Wednesday, July 16, 2014
I can't open a newspaper or read the news online without seeing INCONTROVERTIBLE evidence of real estate bubbles nationwide. In Seattle, it is so obvious I wonder who is making financial decisions at some of these firms, especially on the buying side.
For example, a nice luxury hotel in downtown Seattle called the Hotel 1000 was just sold for $63 million. This works out to be a city record of $525,000 per room.
So let's look at the valuation here.
You can rent a room on Hotels.com for $339 per night at the Hotel 1000.
What is the average gross profit margin on each room? The number is extremely volatile but is now about 26.8%. (During the recession of 2008-2009 the margin was NEGATIVE 8%.)

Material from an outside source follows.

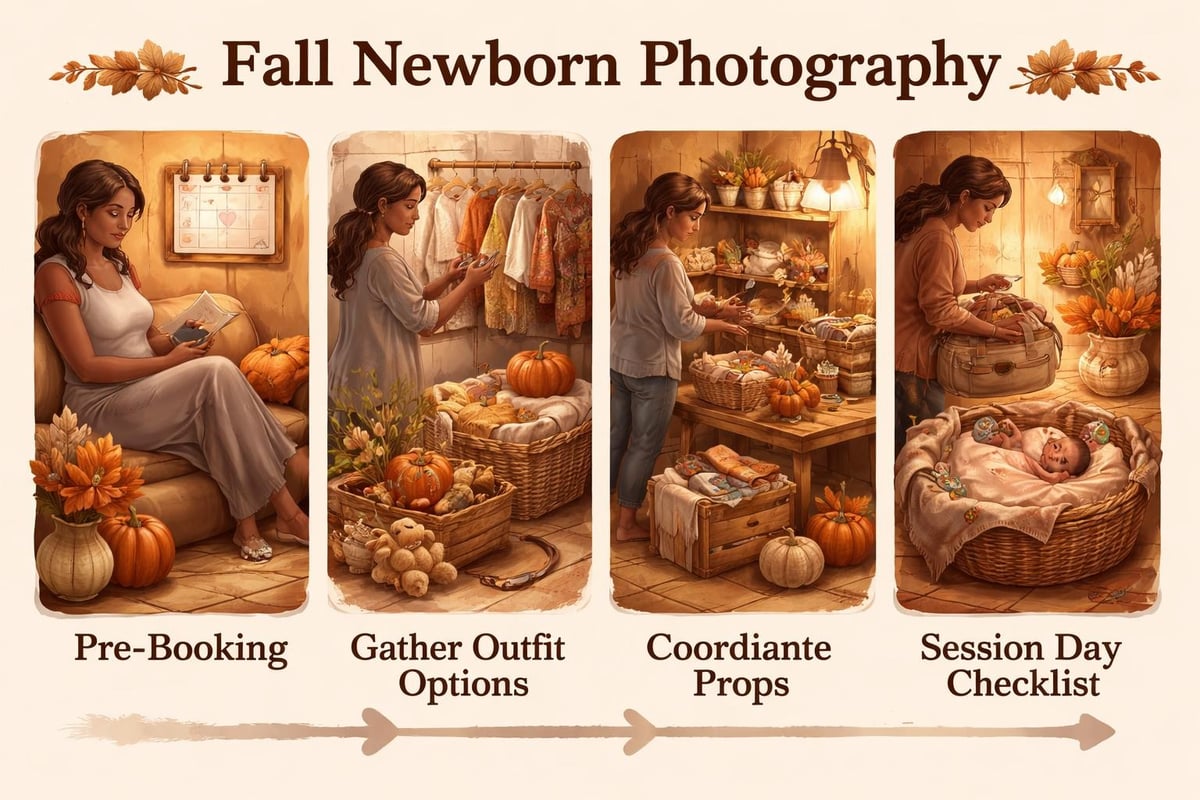 Fall newborn session preparation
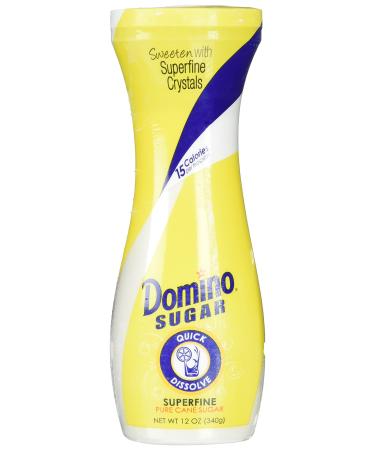 Domino White Sugar Pure Cane Sugar Quick Dissolve Superfine, 12 Ounce Flip Top (1 Pack)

This means the Hotel 1000 earns about $90.86 per room per night.
What is the average occupancy rate of an urban hotel like the Hotel 1000? About 62.9%.

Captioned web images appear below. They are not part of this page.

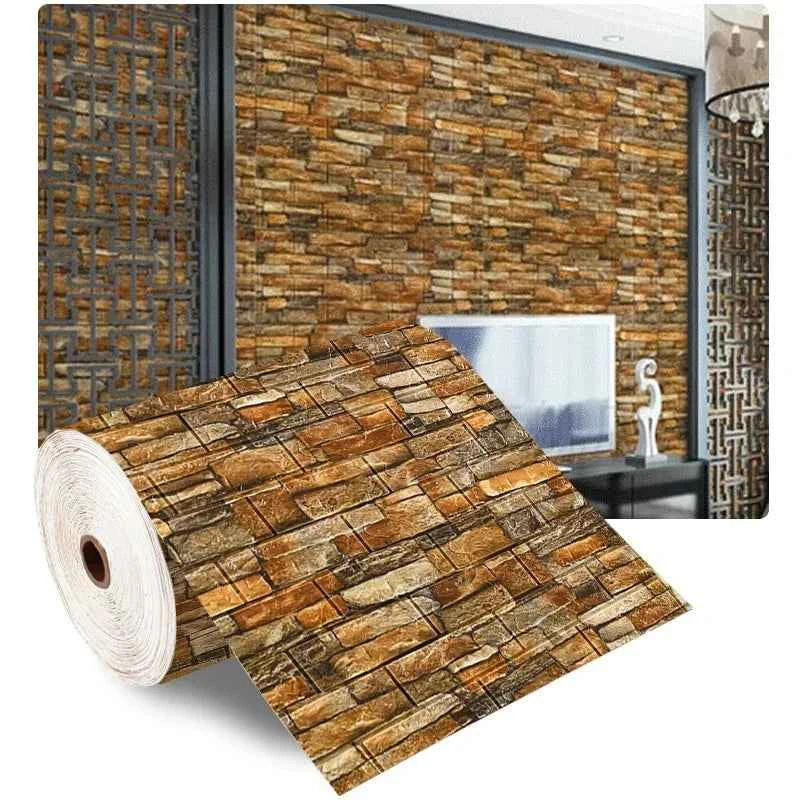 3D Foam Brick Wall Panels Stickers Self Adhesive Waterproof Living Room Wallpaper Wall Decal Home Decor Wallcovering TV Backdrop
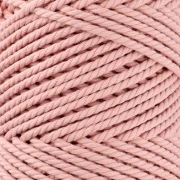 Bobine de cordon en coton pour macramé 2 mm - Nude x100m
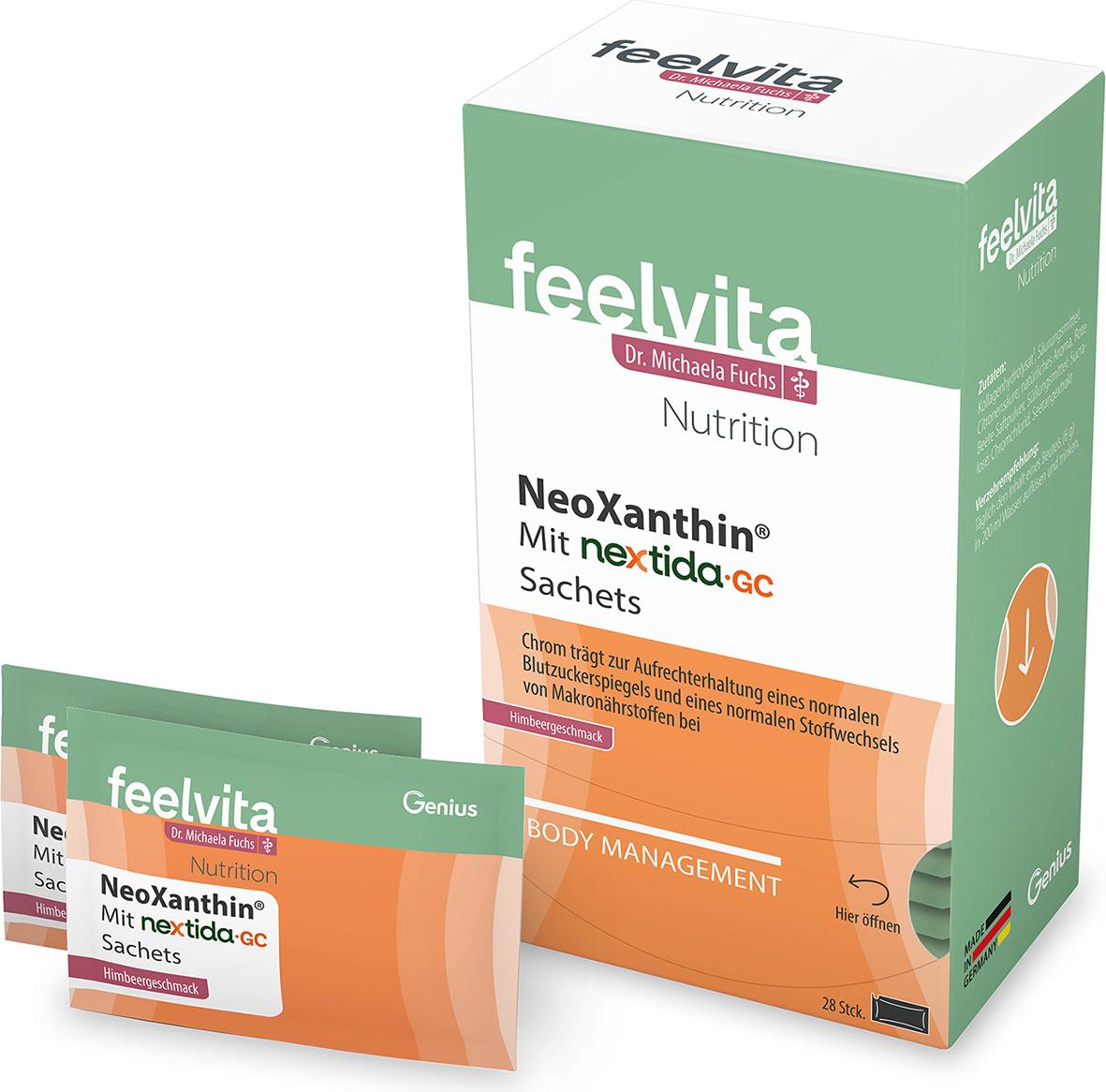 Genius Feelvita Nutrition NeoXanthin 28 Sachets A09503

365 days per year x ,629 is 230 days of occupancy per year.
So the new owners of the Hotel 1000 will earn $90.86 x 230 days per year or $20,897 per year per room.
At this rate they will earn their $525,000 purchase price back in twenty-five years. Or the year 2039.
The average investment yield on these number is a paltry 3.9%.
Of course these are rough estimates based on averages but they are solid numbers. These statistics do not assume room rates will rise over the next quarter century but so will taxes, maintenance and labor costs, and the need to do at least four complete hotel renovations over these same years. Hotels do sell things other than rooms but they usually lose money selling them. A great example is hotel gift shops which exist for the convenience of guests at most places.
You can juice the yields with leverage to raise them a bit but the results are still essentially the same. A high price without leverage is still one with it.
The purchase price here is just too high. You can make more money taking the original $63 million and earn four hundred basis points more by purchasing shares in the average hotel REIT. Current average yield is 4.3%. Plus you don't need to run a hotel and have complete liquidity over your investment to earn a higher yield.
To earn a 4.3% comparable yield on $20,897 per year the owners would need to pay a maximum of $485,976 per room.
In other words, the purchase price viewed from this perspective is $39,024 per room or 7.4% too high.